• _Exercise data_:

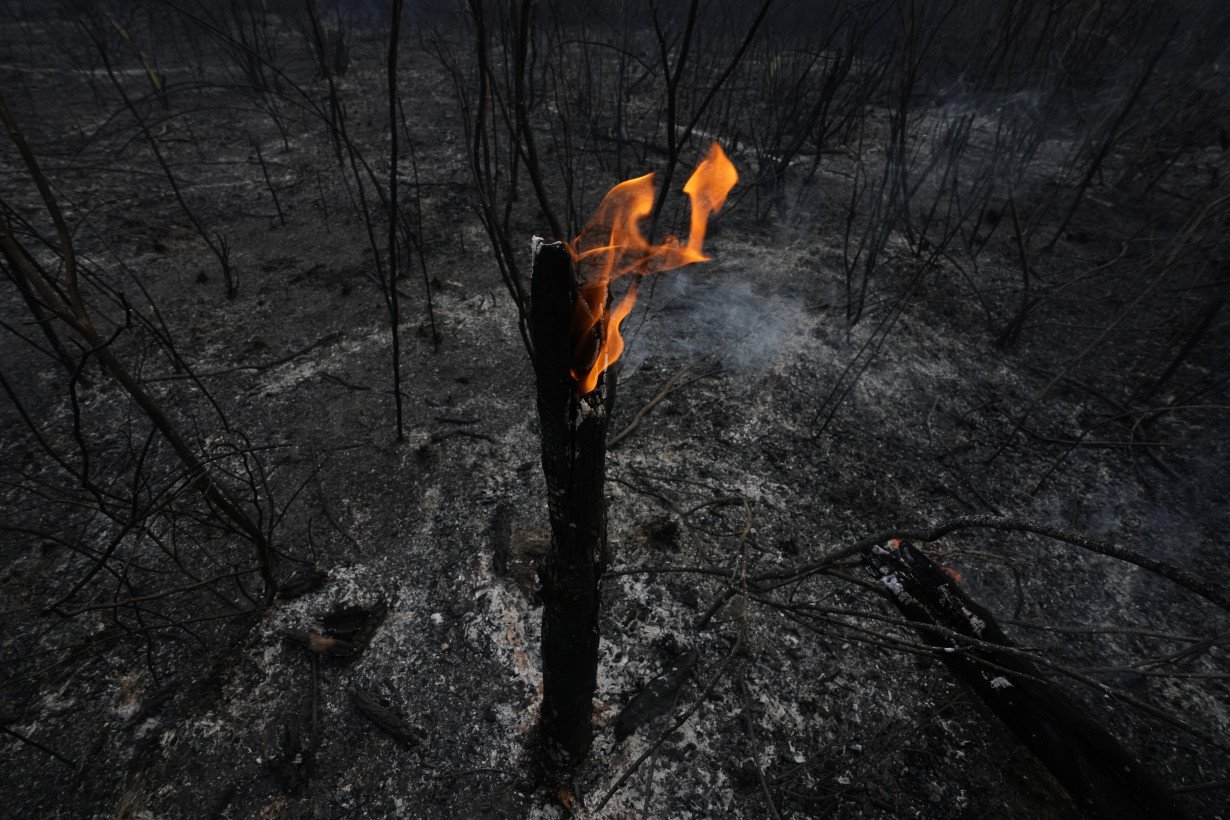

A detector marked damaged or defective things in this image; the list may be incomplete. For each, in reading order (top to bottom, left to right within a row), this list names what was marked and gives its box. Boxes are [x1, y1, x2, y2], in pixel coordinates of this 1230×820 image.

black charred stub [528, 240, 610, 772]
black charred stub [861, 538, 1185, 820]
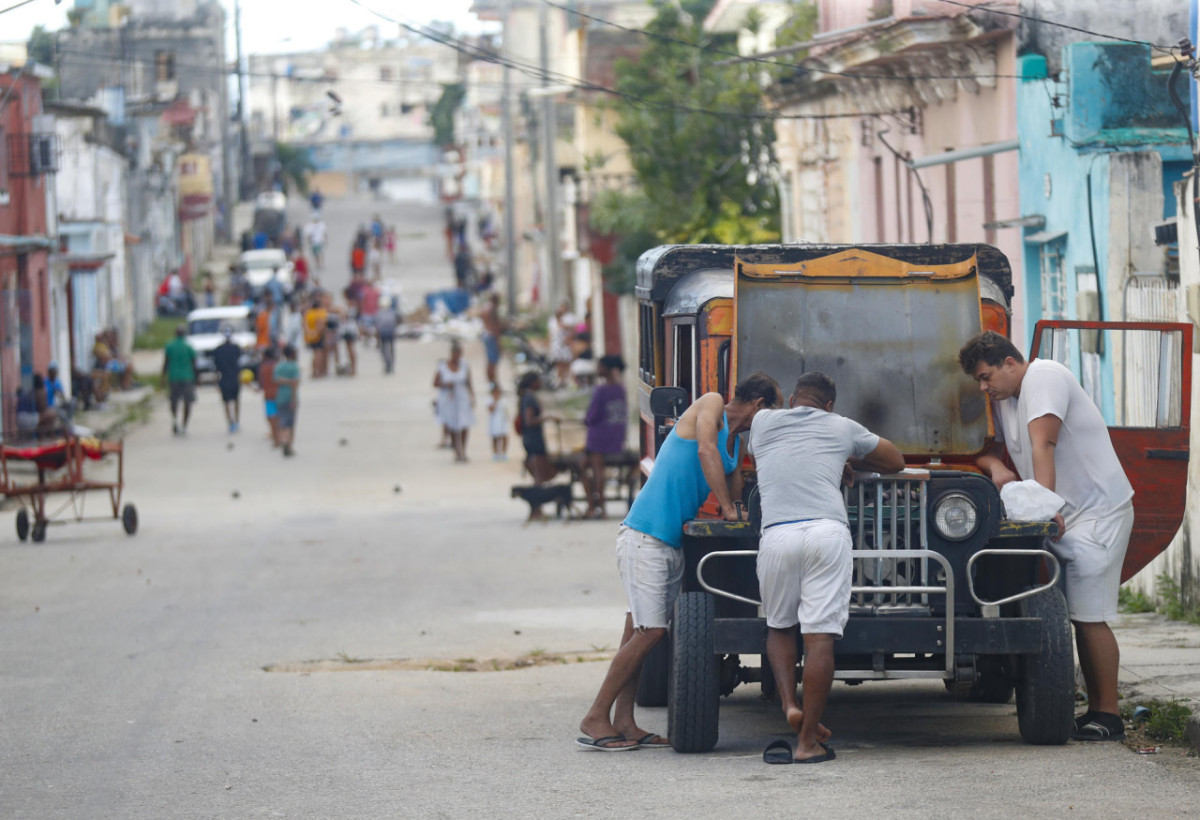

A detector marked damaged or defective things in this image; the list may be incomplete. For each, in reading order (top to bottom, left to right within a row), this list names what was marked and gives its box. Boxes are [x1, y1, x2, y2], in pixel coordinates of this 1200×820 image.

rusty metal hood [734, 247, 988, 458]
rusty metal panel [739, 248, 984, 456]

• _Problem statement_: Write out each line exactly, starting with the line that contains "this 1200×820 image." and stopping after the last line of the data.

• _Response_:
A detector marked damaged or defective things in this image; the list may be incomplete. For each, in reading order (top to bottom, left to right within a row), this list names what was marked and gives its box. Boxes are [x1, y1, x2, y2], in pixel coordinates of this 1200×820 image.

rusty metal hood [734, 247, 988, 458]
rusty metal panel [739, 248, 984, 456]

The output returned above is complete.